Azure Purview Private Network Architecture and Lesson Learned

This is my 2nd Lab Experiment on Azure Purview with private network deployment architecture . You can read the 1st blog post, Azure Purview to Discover PII in Azure File/Blob, AWS S3 and More, which was deployed with public endpoint option.

Single region, multiple virtual networks

Most of the larger organizations follow hub and spoke network and I wanted to be as close as possible to corporate Azure Network (setting aside resiliency for the moment). With this option, access to Purview Account, Governance Portal and Ingestion endpoints are exposed through Azure Private Endpoints. What that mean is, Account and Portal are NOT accessible from internet and this is very important for security (network isolation). Integration Runtime is Self Hosted and it is deployed in Hub vNET but it can be deployed into Spoke vNET’s. This is important for access to data during the scans because the connectivity is private and you have control over the source network. Three private endpoints, Storage blob | Storage queue | Event Hubs namespace, are created to ingest metadata into managed resources. DNS is another important aspect. I am using Azure Private DNS for private endpoints.

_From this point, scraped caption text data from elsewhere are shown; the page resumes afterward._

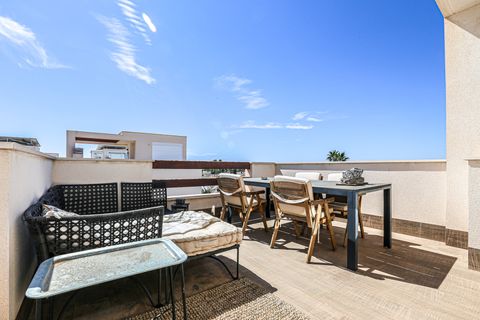 Villa a Ciudad Quesada, Alicante, Ciudad Quesada - € 550.000 | Ref: 12713 - foto 5
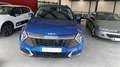 Kia Sportage 1.6 T-GDi MHEV Drive 150 - thumbnail 1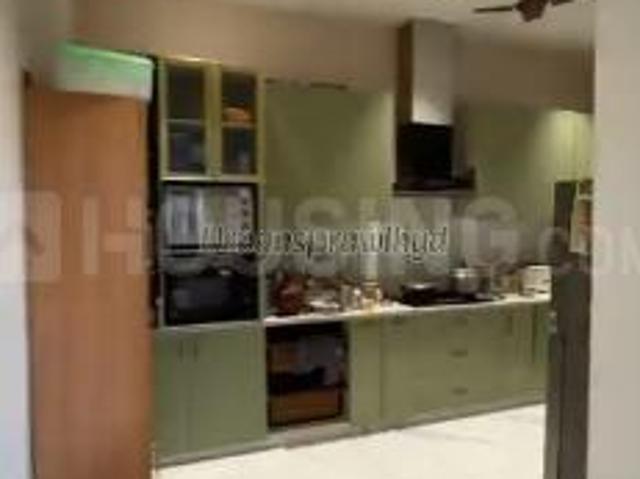 House for sale in Haidarabad, Telangana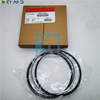 Diesel Engine Parts Piston Ring Set RE507852 Fit For John Deere 6068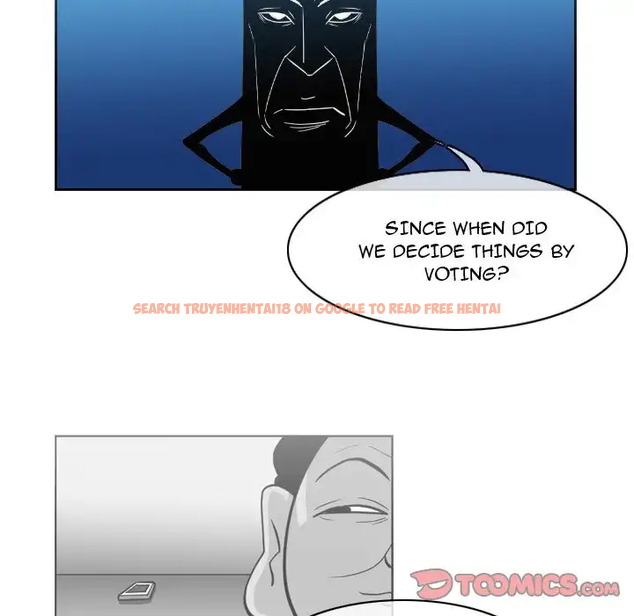 Read Hentai Image 56 149 in comic Path To Salvation - Chapter 54 - hentaitnt.net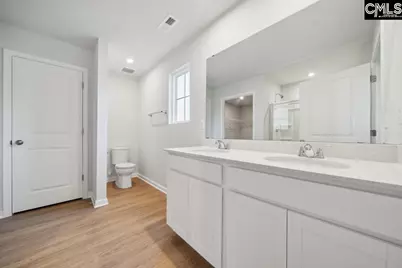 144 Kingfield Drive, Hopkins, SC 29061 - Photo 17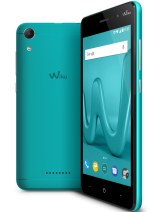 Best available price of Wiko Lenny4 in Iraq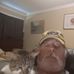 Aldon Suggs - Facebook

Azure Purview Deployment Architecture (Private Network)

Credential Management

First thing first, you must configure connection to Azure Key Vault where secrets are stored and Purview Managed System Identity (MSI) is given permission to read secrets from Key Vault.

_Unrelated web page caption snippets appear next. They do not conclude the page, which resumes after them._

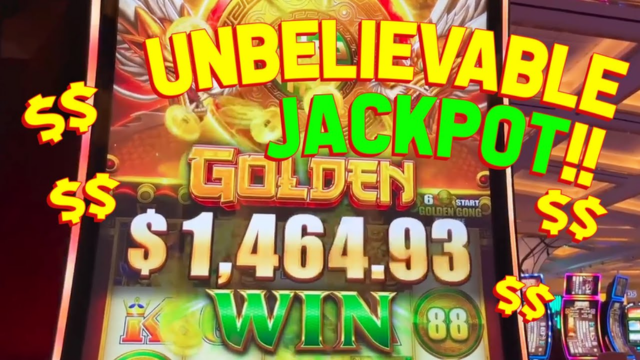 slot bet 200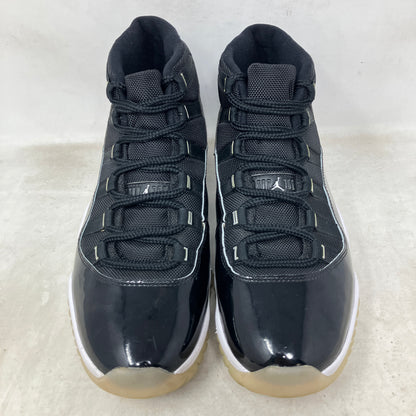 Jordan 11 Retro Jubilee 25th Anniversary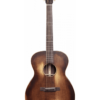MARTIN & CO 000-16 Streetmaster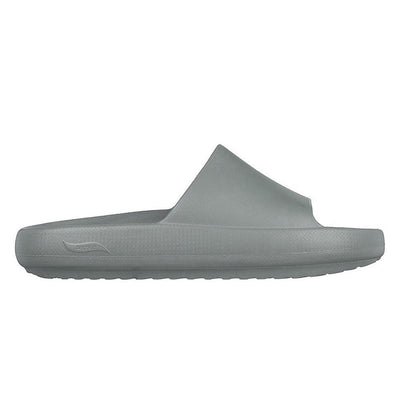 Foamies Arch Fit Horizon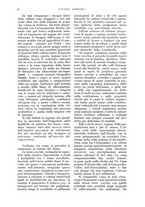 giornale/UM10003065/1934/unico/00000014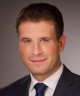 Eric Esshaki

You can use Service Principal for Azure Blob. Azure File can’t use Service Principal or Managed Identity and you have to rely on account key. You will need a Cross Account Role in AWS for accessing S3.

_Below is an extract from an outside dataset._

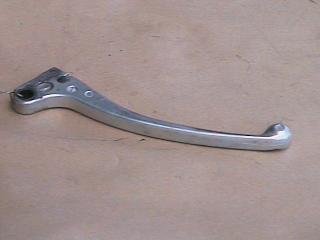 Drive Train GDL Cycles 178-3632--5783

Key Vault Connection in Governance Portal
Configure Credentials in Purview Governance Portal

Configure (register) Data Sources

For this test, I am targeting Azure Blob, Azure File and AWS S3. May be I will try AWS RDS and Microsoft SQL next time!

Azure Blob: You can register storage account that is accessible from private network or public network. In my test, I am using a storage account that can be accessed from vNET only.

Azure File: Even though Azure File can be accessed over private endpoint, you can register Azure File when when storage account endpoint is exposed publicly (not a good option for security!).

AWS S3: Just specify the S3 bucket ARN. Credential is needed when you configure the scan.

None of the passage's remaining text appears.